Leonard has run for office three times in the past, twice for the state Senate in 2010 and 2006, and once for governor in 1998. He ran once as a Republican and twice on the American Constitution Party ticket.
There were hints that some of what came off as showy-ness in Leonard’s objection to the PERA divestment bill and his dramatic move to call a COW amendment may have been tied to inexperience.
“He’s obviously very passionate about the issue, but I’m not sure he understood the gravity of what he did,” Moreno told The Statesman. “I suspect he didn’t understand that it’s very uncommon to run a cow amendment on something that has wide support.
“I know he wasn’t going to be here on Friday for the third reading, so I think he just wanted to voice his opposition in a recorded vote,” Moreno said.

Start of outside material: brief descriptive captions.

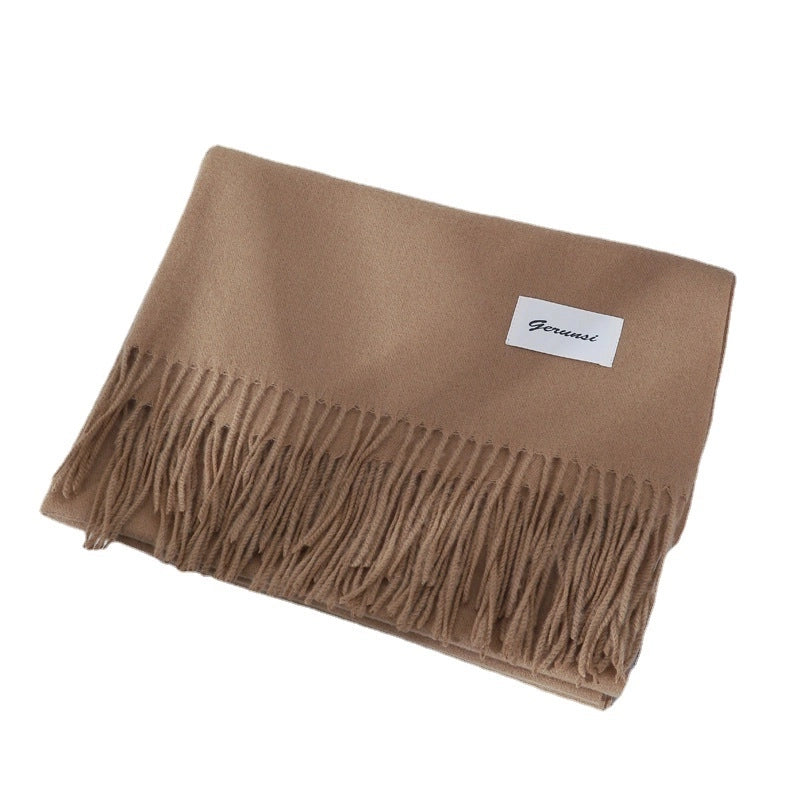 Women's Minimalist Solid Color Imitation Cashmere Tassel Scarf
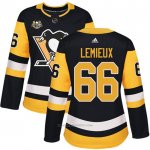 Camiseta Hockey Mujer Pittsburgh Penguins 66 Mario Lemieux Negro 50 Anniversary Home Premier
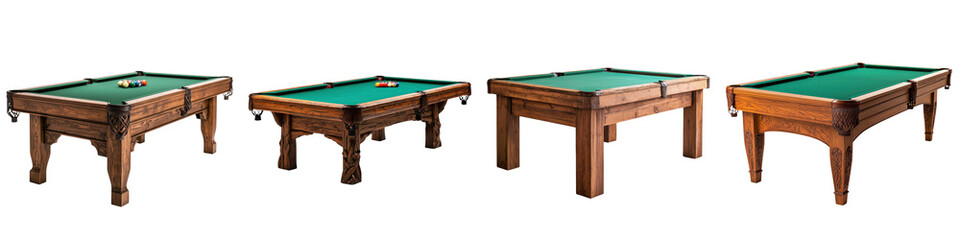 Different Angles of Classic Wooden Billiard Pool Tables with Green Felt for Indoor Game Competition Leisure and Entertainment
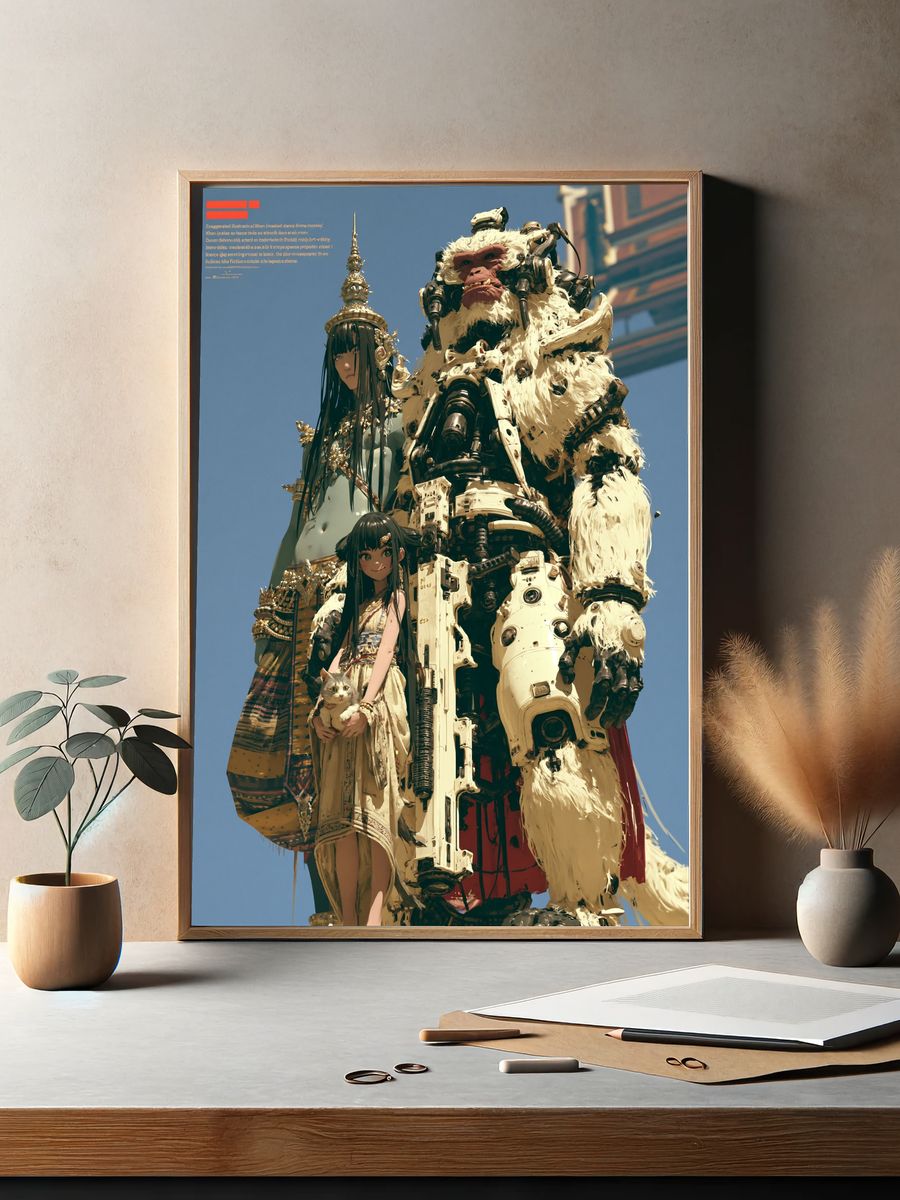 Mythic Mecha Guardians Illustration Poster. — room view 2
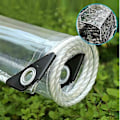 Pikkukuva 1 / 5: 1,5 m x 1,8 m ulkokäyttöön läpinäkyvä PVC-muovipeite silmukoilla - vedenpitävä, tuulenpitävä, repeytymätön cover kasveille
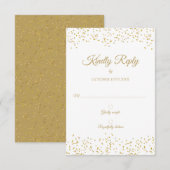 Carte RSVP Elégante Confetti Gold Dust (Devant / Derrière)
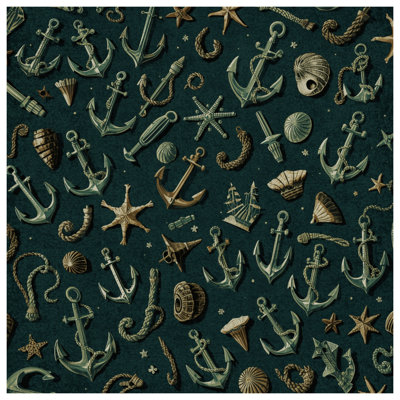 Rideaux de douche Nautical Anchors Shells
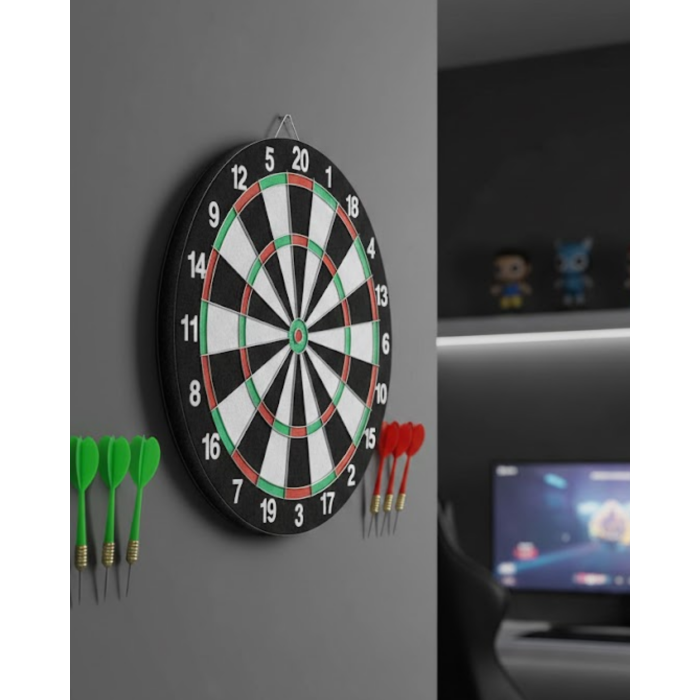 Kaliteli Ahşap Dart Tahtası 12 İnç  4 Dart Ok Seti
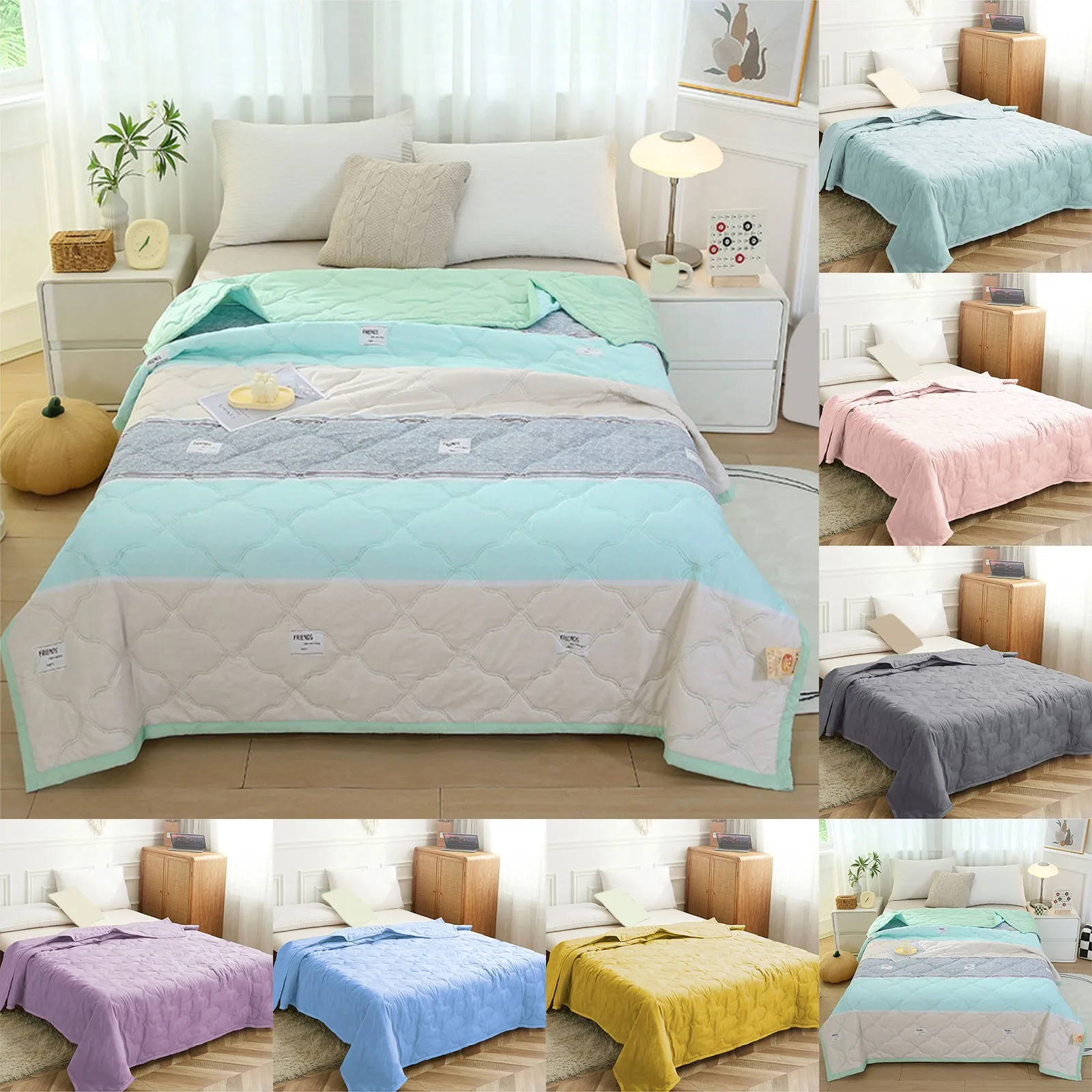 Skin Friendly Plain Print Bed Blanket Washed Cotton Summer Quilt Ventilated Cool Comforter Home Bed Blanket Sofa Blanket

He added that Leonard likely didn’t understand that in the language of the Legislature he was making a fairly strident statement.
A COW amendment is like asking for a do-over because you think the vote was mis-tabulated, Moreno explained, but this vote wasn’t mis-tabulated.
Leonard told The Statesman he was motivated to act on this bill only because it stood out to him.
“So many bills are health and human services and the like, but this one was about foreign affairs.”
“Look,” he said, “I take seriously what George Washington said. He advised us against involving our country in foreign entanglements, let alone a state in our country. There’s no upside to this.”
Leonard said that the only point he intended to make Thursday was exactly the point he articulated on the House floor. He said he isn’t anti-Israel and that he wasn’t trying to out-conservative his colleagues.
“I can’t answer for any other hypothetical interpretations,” he said.